Benjamin Franklin Reinhart, ANA
A painter of popular historical and genre subjects, Benjamin Franklin Reinhart was born in 1829 near Waynesburg, Pennsylvania. He began painting portraits at the age of 16 while taking artistic training in Pittsburgh. In 1847 Reinhart moved to New York City and enrolled at the National Academy where he studied for three years. An additional three years of artistic study abroad followed, with time spent in Dusseldorf, Paris and Rome.
In 1853 Reinhart returned to New York and opened a portrait studio.
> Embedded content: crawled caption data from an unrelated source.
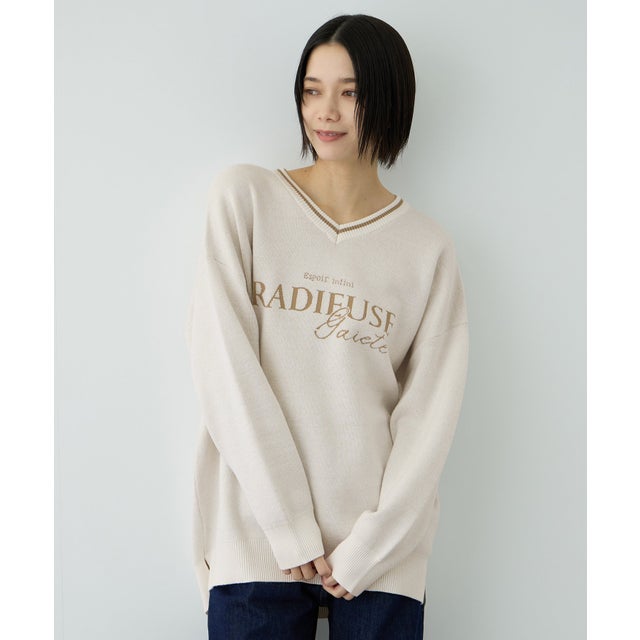 ロゴジャガードVネックニットプルオーバー （アイボリー）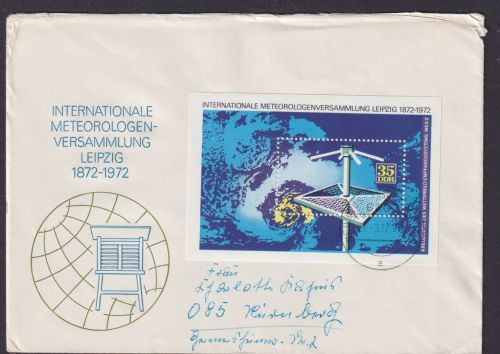 DDR Brief EF Block 35 Meterologen Wetter Neuhaus Schierschnitz Nürnberg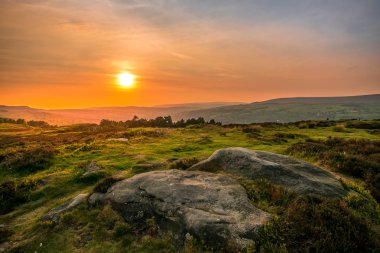 Ilkley moor günbatımı, yorkshire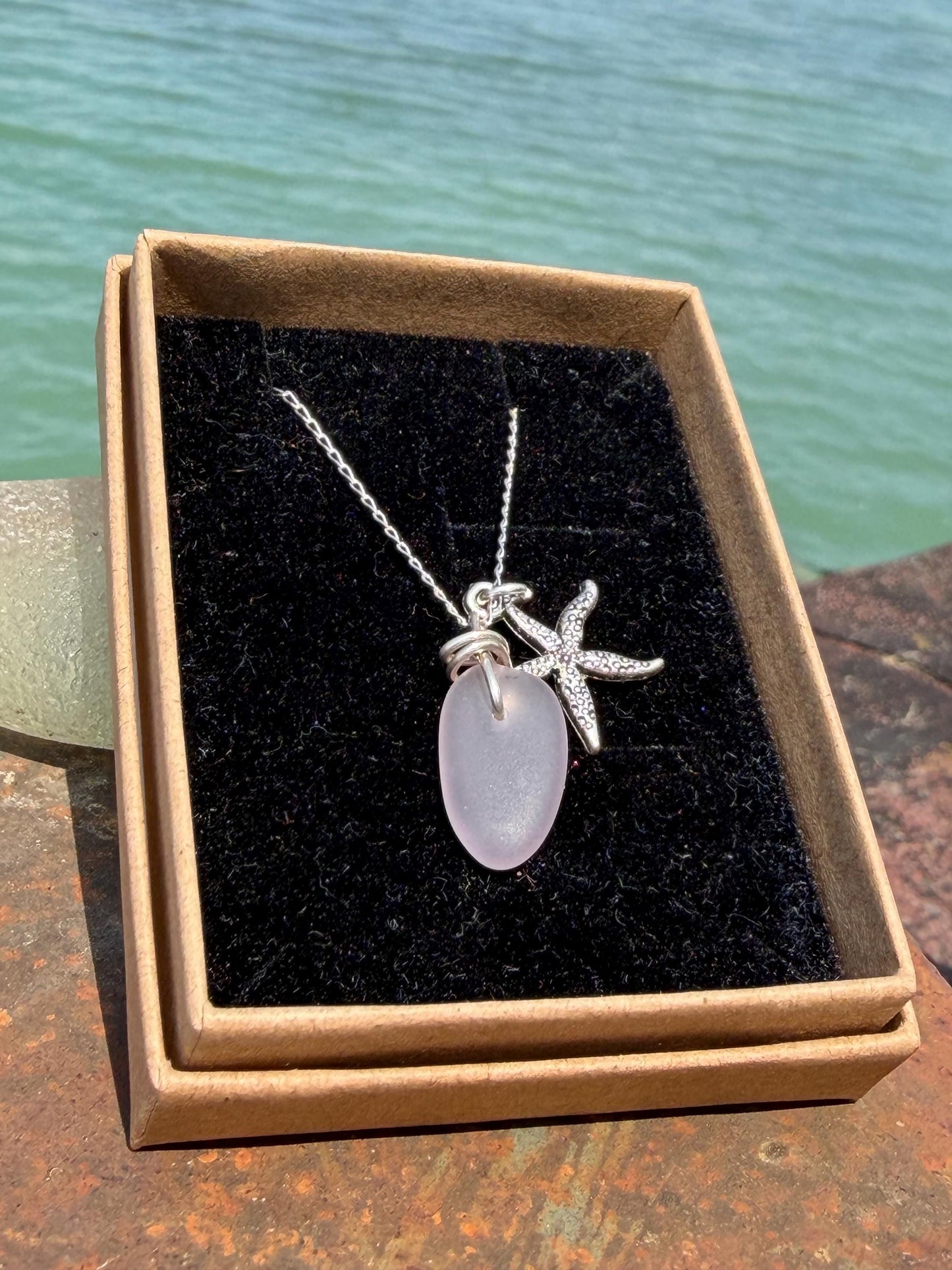 Eco friendly sea glass necklace on recycled sterling silver. Eco friendly jewellery. Ethical handmade jewellery. Starfish necklace.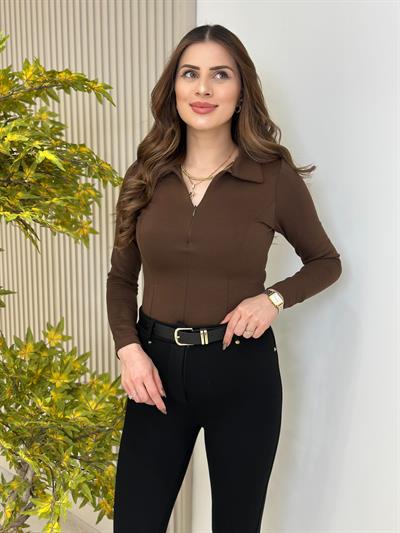Yakası Fermuarlı Modal Bluz Kahve
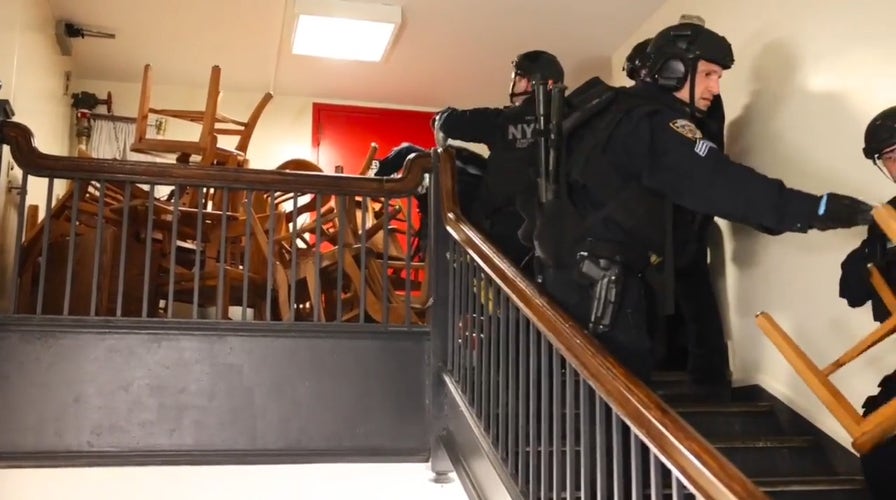 NYPD release footage from inside barricaded Columbia building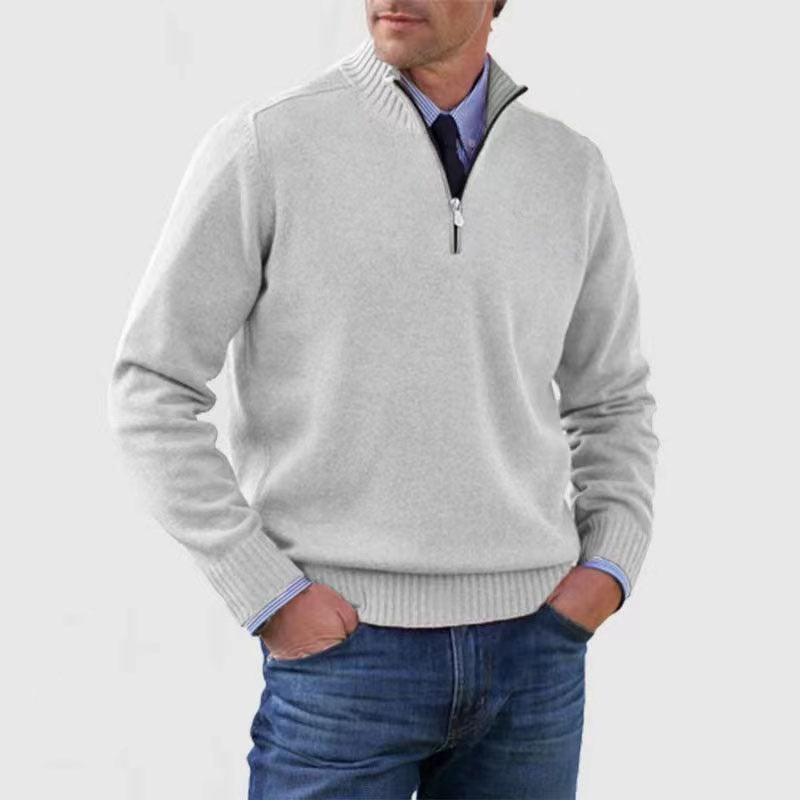 Men's Stand Collar Zipper Sweater Winter
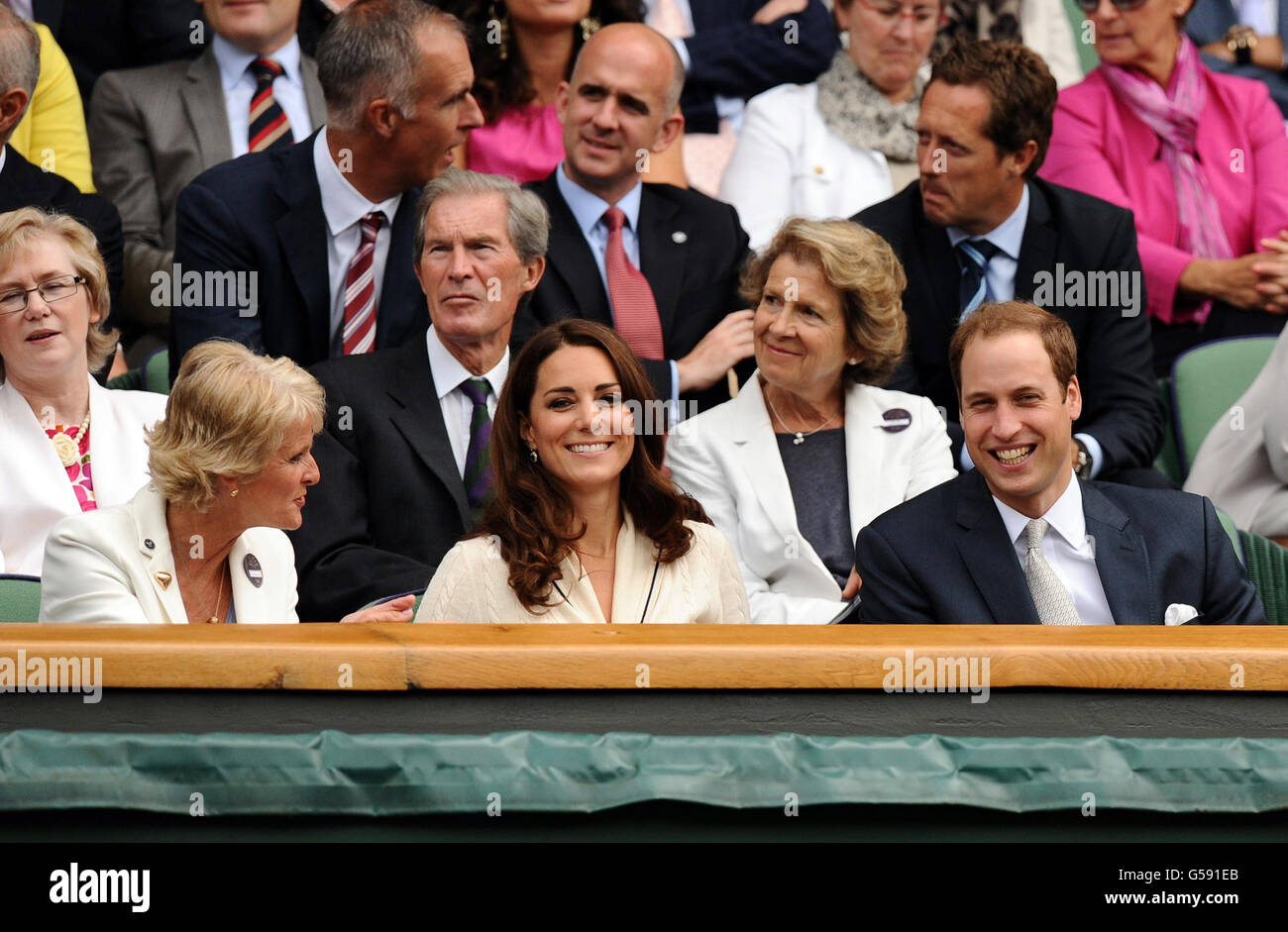 The Duke and Duchess of Cambridge in the Royal Box during day nine of the 2012 Wimbledon Championships at the All England Lawn Tennis Club, Wimbledon. Stock Photo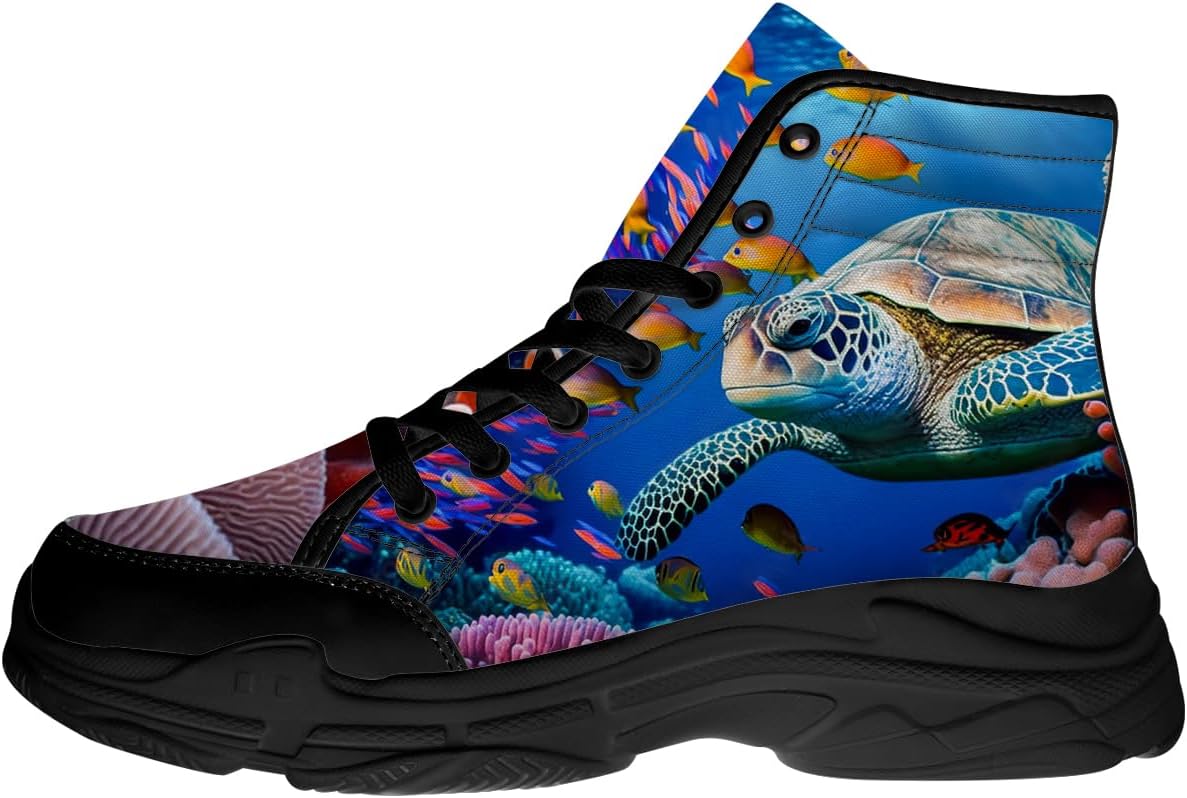 

Кроссовки Quorax Turtle для женщин и мужчин, высокие, на шнуровке, текстильные, забавный подарок для нее и для него, черный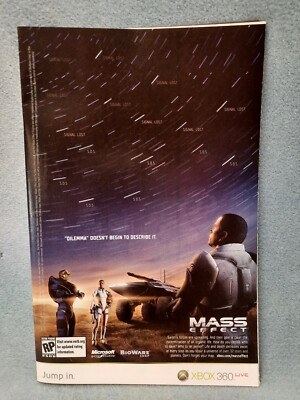 Mass Effect Xbox 360 2007 Print Ad/Poster Official Authentic RPG Game Promo Art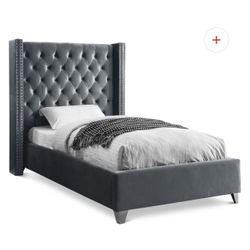 Velvet Gray Twin Tufted Bed With Mattress 
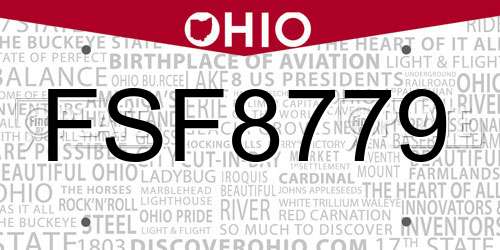 FSF8779 Ohio License Plate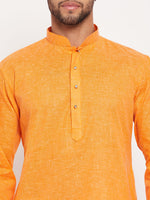 Thumbnail for VM by Vastramay Men's Orange And White Cotton Kurta Pyjama Set - Distacart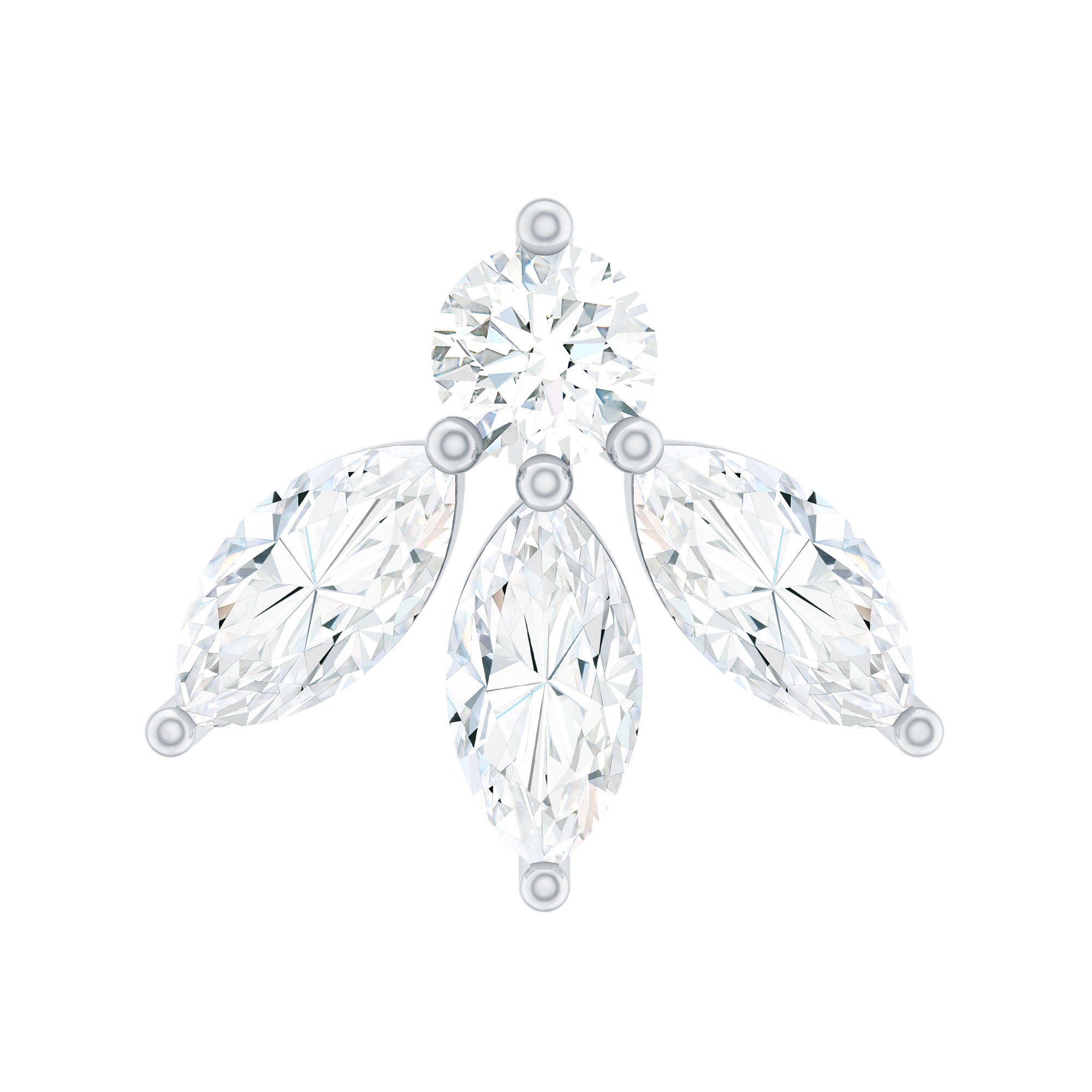 Rosec Jewels-Marquise Shape Diamond Leaf Earring for Helix Piercing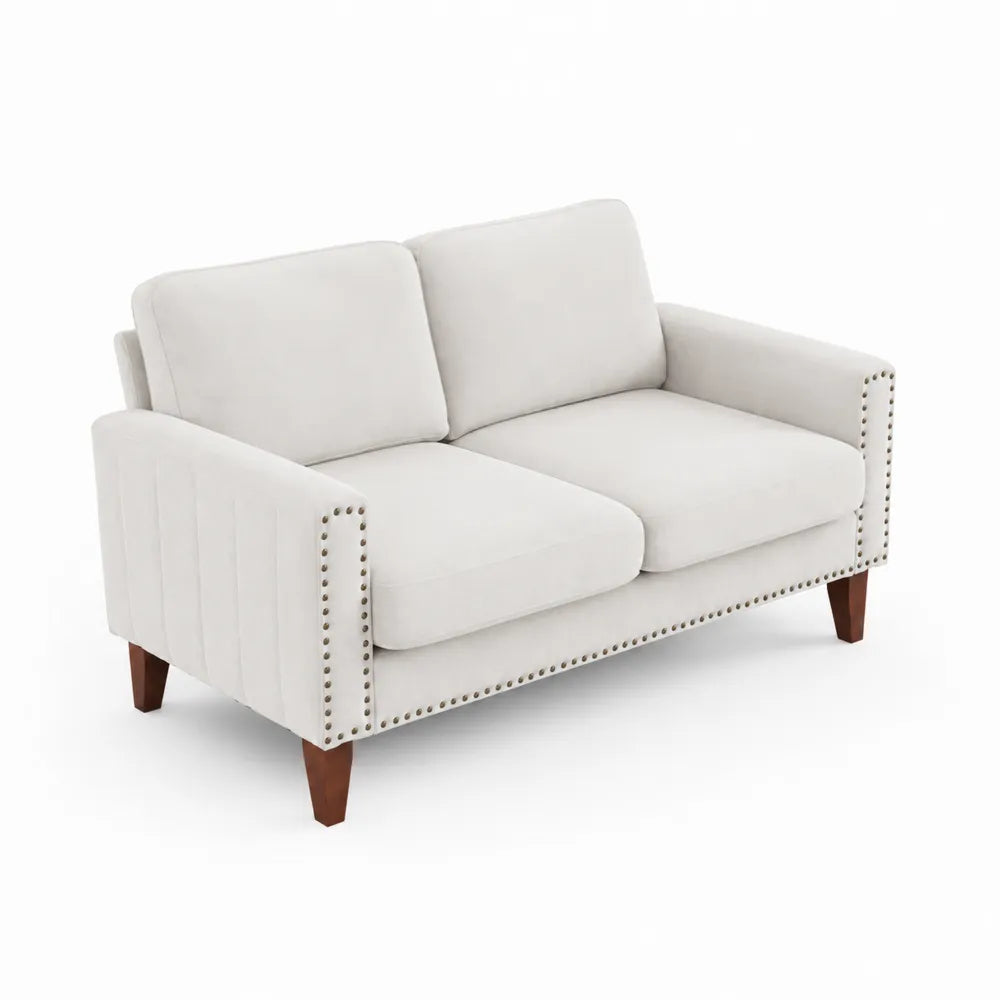 2-Sitzer Sofa Beige Massivholzrahmen Polyester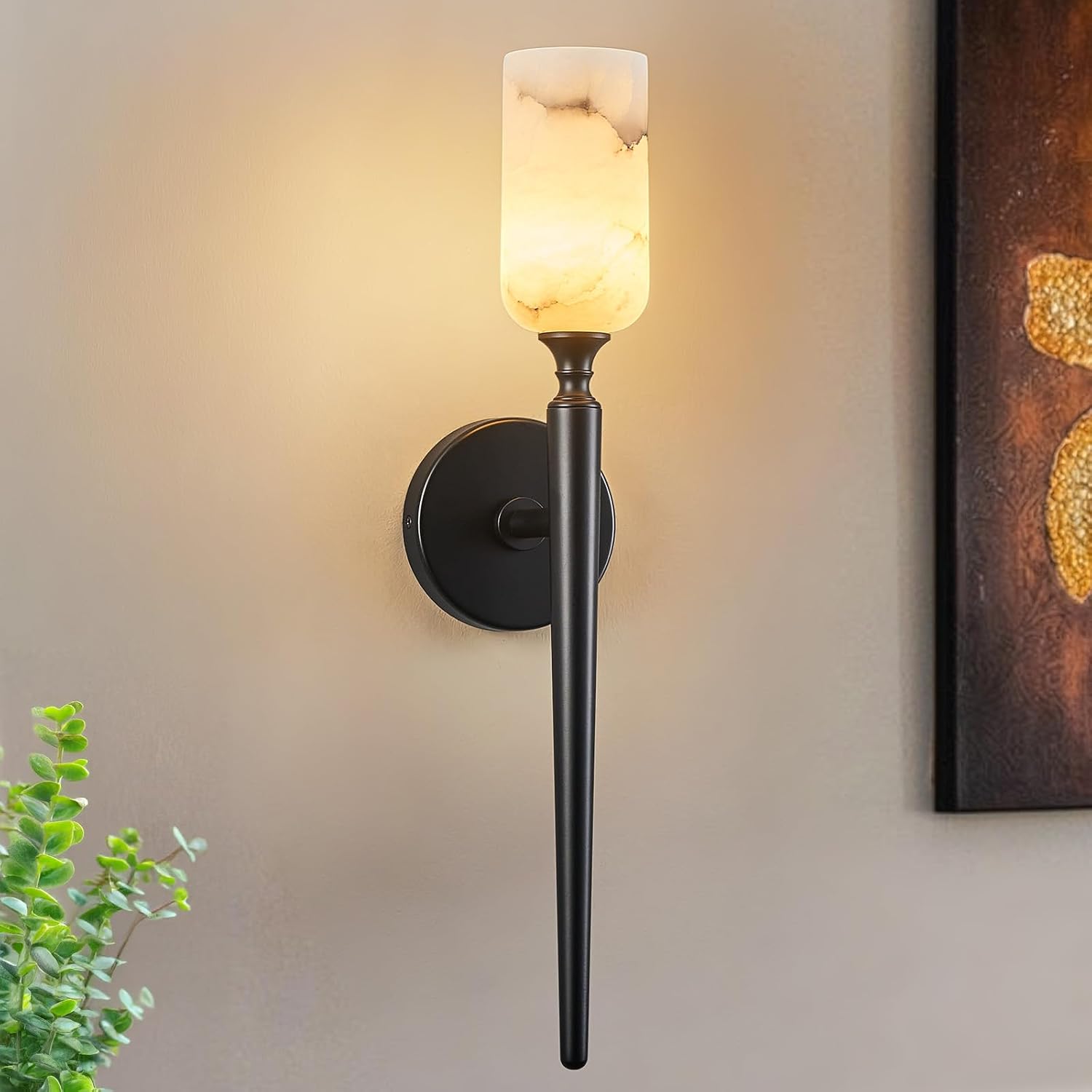 LMQNINE Natural Alabaster Wall Sconce Modern Black Wall Light Bathroom Sconce Wall Decor Antique Marble Sconces Wall Lighting for Bedroom Living Room Entryway Hallway Staircase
While based in New York he also made several trips through the mid-west and south seeking commissions and, in 1859, moved his studio to New Orleans. While in the Crescent City Reinhart worked in partnership with the artist Theodore Sidney Moise (1808 to 1885; active in New Orleans 1841 to 1884).
Reinhart gained great acclaim in New Orleans and painted portraits for some of the region’s most prominent citizens. In the fall of 1859 a reporter for the New Orleans Daily Crescent praised his talents “Those who are interested in the fine arts can spend an hour or two with much pleasure by paying a visit to this truly talented and accomplished young artist, whose rooms are located at the frame and picture gallery of Hoffman, on Canal Street…(Reinhart’s) striking, lifelike resemblances and exquisite blending of colors with the delicate lights and shadows, proportions and effects, prove that, with a natural genius for art, he has also been an assiduous student, and his portraits may well be termed “speaking” pictures.” (28 November 1859).
In 1862 Reinhart left the South for England. Before his departure his devotion of time and talents to the Confederacy earned him further esteem in the city and the tribute of having a military company named in his honor in 1862. For the next six years Reinhart enjoyed great success in London as a painter of portraits and genre scenes. In 1868 he returned to New York City where he was elected to the American National Academy in 1871 and worked the remainder of his life, developing a special reputation for anecdotal scenes with little girls, a number of which were reproduced as chromolithographs. Reinhart died in Philadelphia in 1885.